→ **Assignment**: Look below for the line containing "Likewise, you can"; from there, print each line exactly up to and including the line containing "Hello and welcome", and stop.

Provided material START

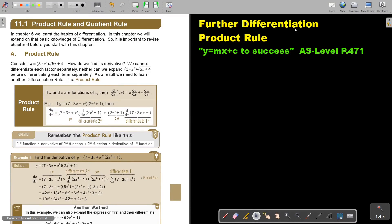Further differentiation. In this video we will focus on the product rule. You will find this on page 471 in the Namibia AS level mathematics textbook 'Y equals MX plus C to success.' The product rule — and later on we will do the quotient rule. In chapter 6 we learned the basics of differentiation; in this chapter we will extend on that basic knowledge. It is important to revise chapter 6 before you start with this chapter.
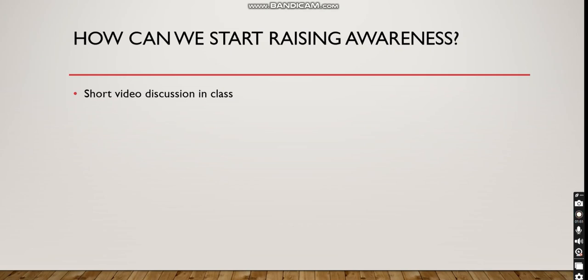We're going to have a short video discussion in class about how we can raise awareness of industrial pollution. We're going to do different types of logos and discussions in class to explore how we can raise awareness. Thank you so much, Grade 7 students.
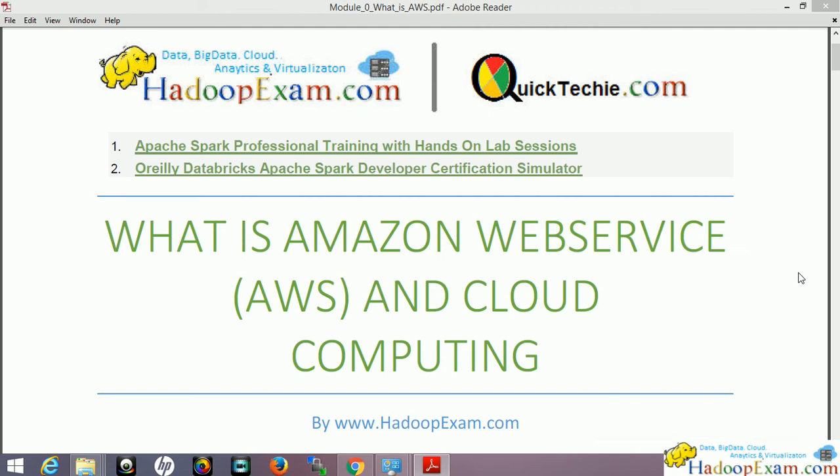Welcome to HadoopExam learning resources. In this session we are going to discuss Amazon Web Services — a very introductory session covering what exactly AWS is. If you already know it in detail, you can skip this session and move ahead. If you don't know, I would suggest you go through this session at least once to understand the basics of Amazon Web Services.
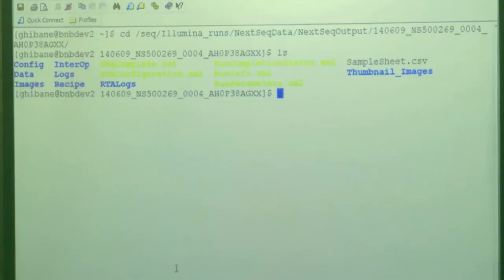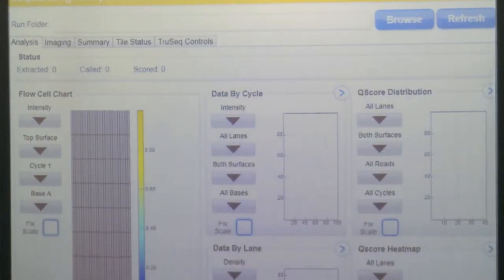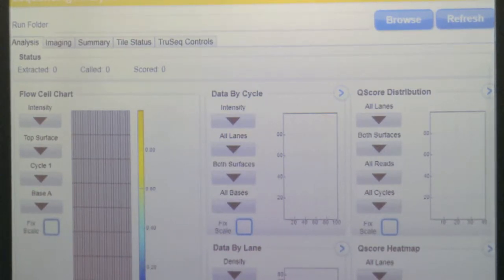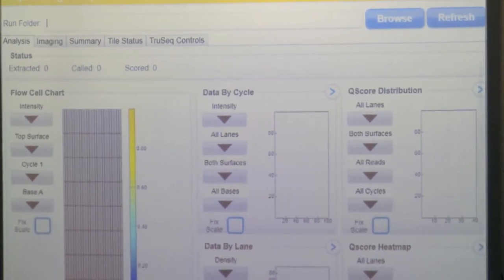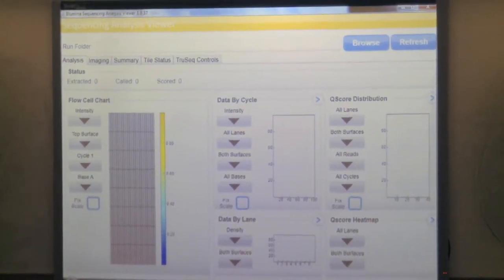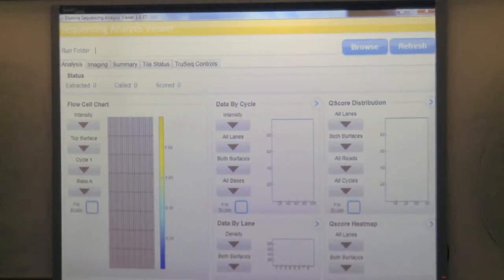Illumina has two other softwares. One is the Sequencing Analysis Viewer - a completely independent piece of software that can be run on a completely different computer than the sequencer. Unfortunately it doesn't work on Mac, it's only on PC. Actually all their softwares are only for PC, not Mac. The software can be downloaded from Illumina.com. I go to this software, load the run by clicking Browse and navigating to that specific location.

Provided material END
Provided material START

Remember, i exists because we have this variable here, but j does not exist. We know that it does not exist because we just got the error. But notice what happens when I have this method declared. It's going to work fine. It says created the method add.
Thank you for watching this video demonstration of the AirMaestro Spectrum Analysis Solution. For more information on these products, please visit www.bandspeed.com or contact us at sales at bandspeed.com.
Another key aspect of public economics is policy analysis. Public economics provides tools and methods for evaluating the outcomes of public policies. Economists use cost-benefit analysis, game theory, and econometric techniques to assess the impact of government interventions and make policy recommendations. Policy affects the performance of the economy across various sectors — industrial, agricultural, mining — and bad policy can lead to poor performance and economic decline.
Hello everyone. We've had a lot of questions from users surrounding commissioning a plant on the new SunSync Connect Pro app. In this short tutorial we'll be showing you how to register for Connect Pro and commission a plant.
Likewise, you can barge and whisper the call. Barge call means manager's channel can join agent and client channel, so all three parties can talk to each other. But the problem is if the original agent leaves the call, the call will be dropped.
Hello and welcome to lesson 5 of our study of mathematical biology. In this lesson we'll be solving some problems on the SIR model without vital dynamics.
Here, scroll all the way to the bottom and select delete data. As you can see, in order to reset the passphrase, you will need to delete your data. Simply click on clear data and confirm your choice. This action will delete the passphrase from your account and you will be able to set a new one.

Provided material END

→ **Response below**:
Likewise, you can barge and whisper the call. Barge call means manager's channel can join agent and client channel, so all three parties can talk to each other. But the problem is if the original agent leaves the call, the call will be dropped.
Hello and welcome to lesson 5 of our study of mathematical biology. In this lesson we'll be solving some problems on the SIR model without vital dynamics.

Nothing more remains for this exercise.